Work task:
Your task is to repeat the entries word for word while leaving out the pictures.

Captioned web image data:
________________________

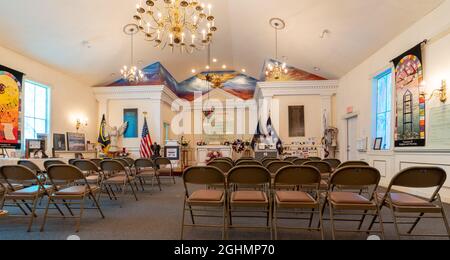 Frieden, PA - 6. September 2021: Blick in die Flight 93 Memorial Chapel mit einem benutzerdefinierten Gemälde über dem Altar mit 40 Sternen am Himmel, einer für je Stockfoto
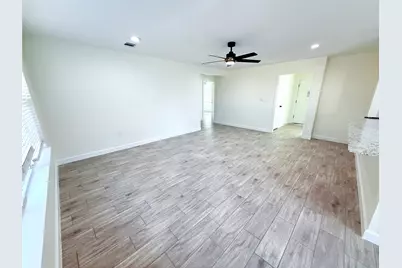 4835 County Road 380, Rosharon, TX 77583 - Photo 5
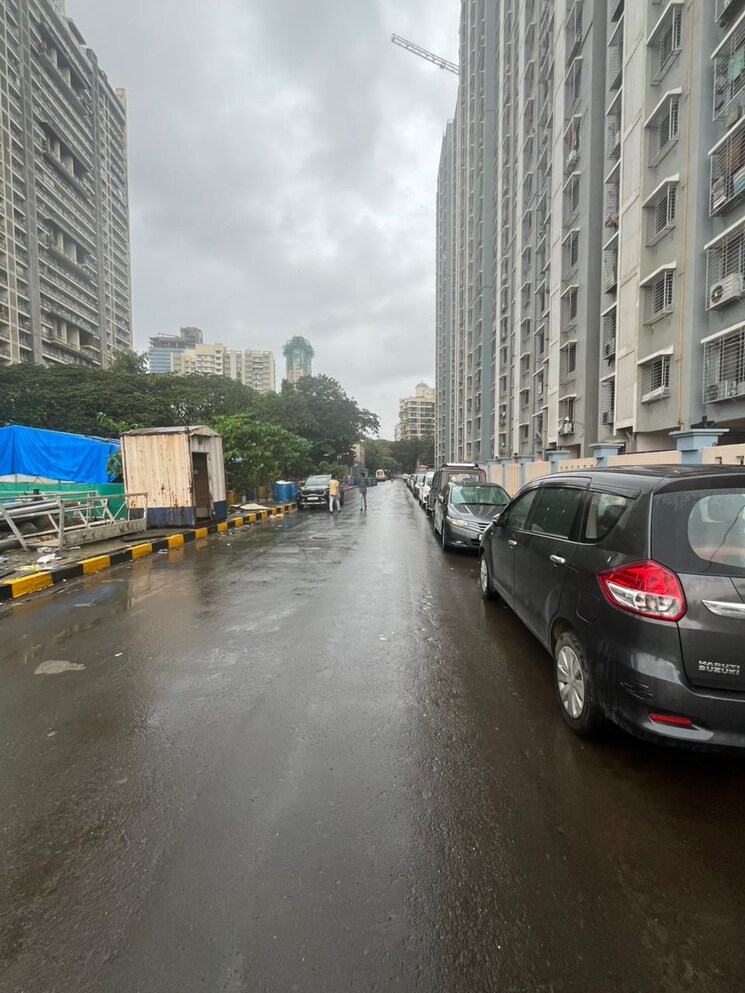  Parking, goregaon west 1 Bedroom 482 Sq.Ft. Apartment In Goregaon West Mumbai 9215879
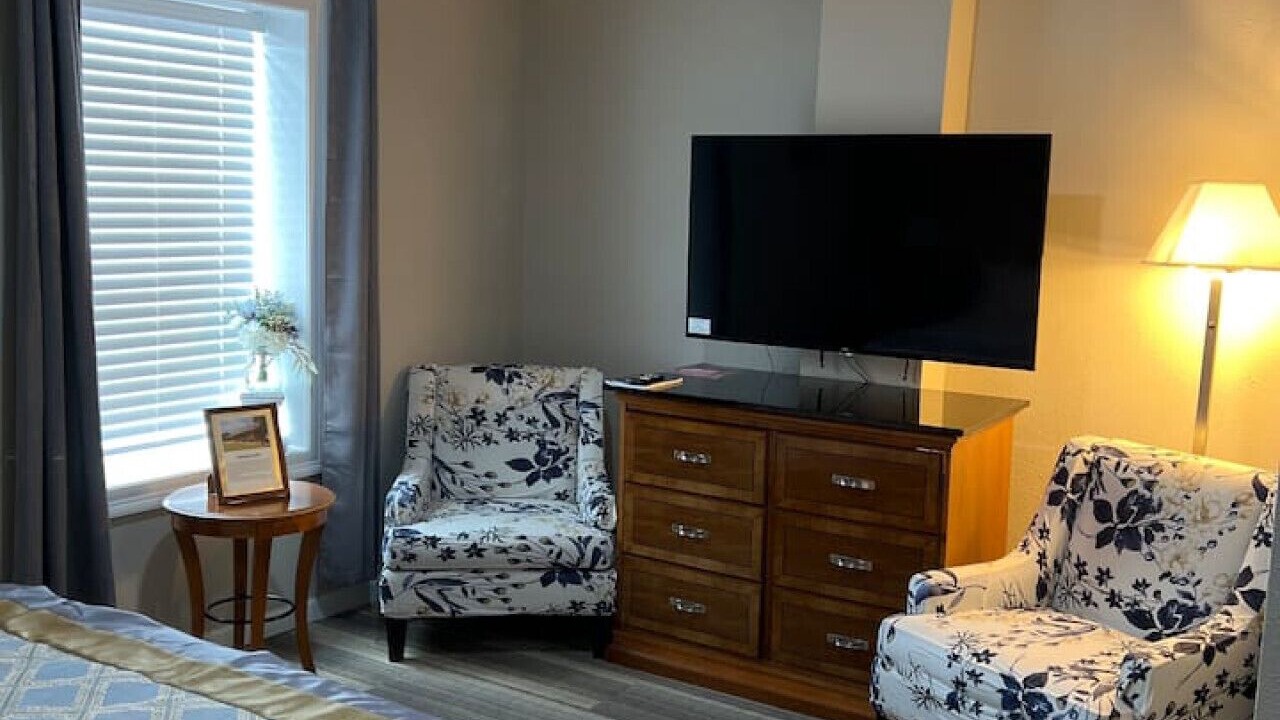 Photo of Bedroom in Laurel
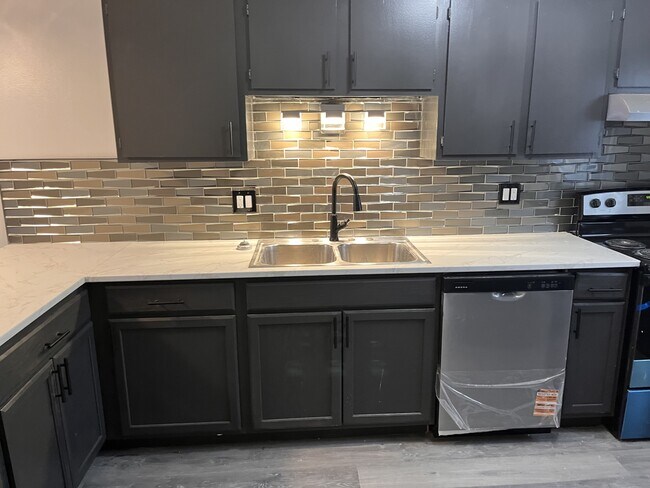 Foto del edificio - 5174-5174 Belle Isle Dr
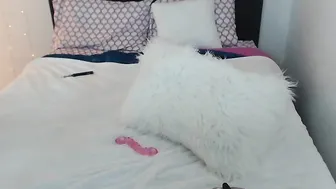 Valkyrie gorgeous chick fucks both holes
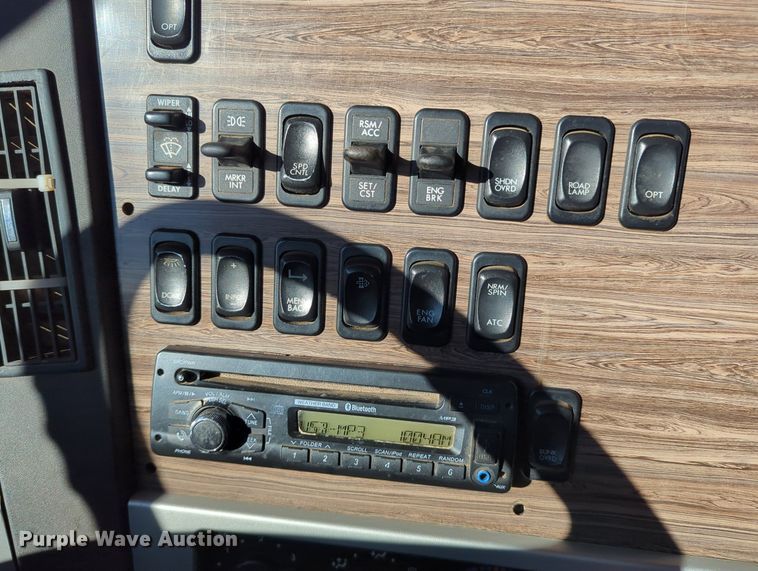 image for item LY9476 2016 Freightliner Coronado 122SD  semi truck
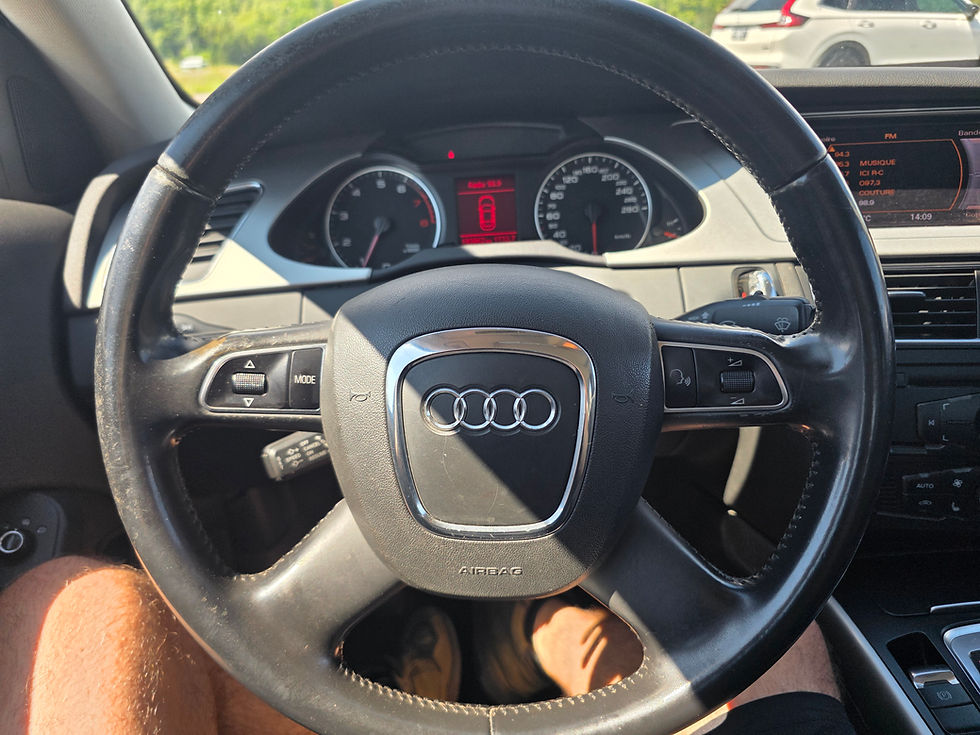 Miniature : AUDI A4 2012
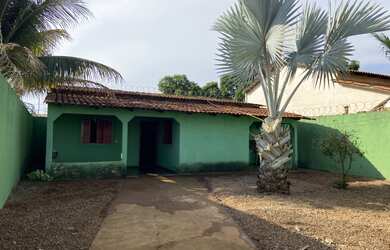 Imagem: A casa possui 2 Dormitórios, 1 Banheiro, 1 Vaga na garagem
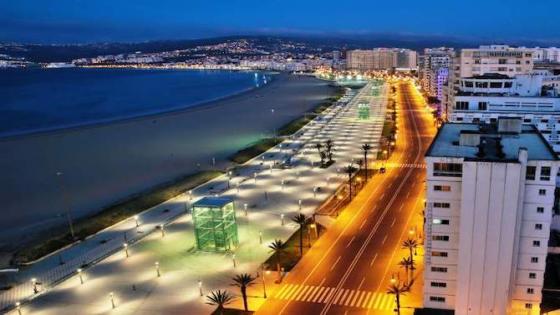 عمدة طنجة يرفض قرار إغلاق المدينة ويدعو لفتح الشواطئ أمام الطنجاويين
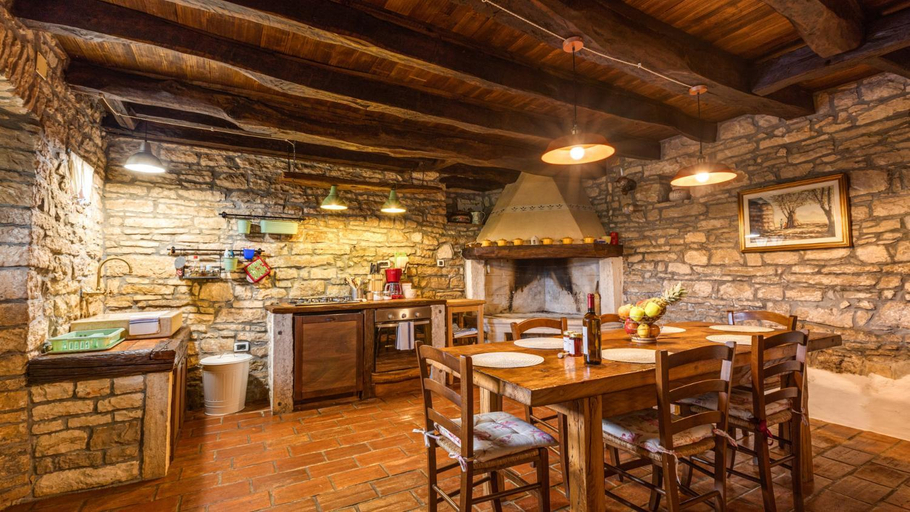 Food & Drinks 4, Rustic villa Casa Mazuli with pool in Groznjan, Grožnjan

________________________

Output below:
 Frieden, PA - 6. September 2021: Blick in die Flight 93 Memorial Chapel mit einem benutzerdefinierten Gemälde über dem Altar mit 40 Sternen am Himmel, einer für je Stockfoto
 4835 County Road 380, Rosharon, TX 77583 - Photo 5
  Parking, goregaon west 1 Bedroom 482 Sq.Ft. Apartment In Goregaon West Mumbai 9215879
 Photo of Bedroom in Laurel
 Foto del edificio - 5174-5174 Belle Isle Dr
 Valkyrie gorgeous chick fucks both holes
 image for item LY9476 2016 Freightliner Coronado 122SD  semi truck
 Miniature : AUDI A4 2012
 Imagem: A casa possui 2 Dormitórios, 1 Banheiro, 1 Vaga na garagem
 عمدة طنجة يرفض قرار إغلاق المدينة ويدعو لفتح الشواطئ أمام الطنجاويين
 Food & Drinks 4, Rustic villa Casa Mazuli with pool in Groznjan, Grožnjan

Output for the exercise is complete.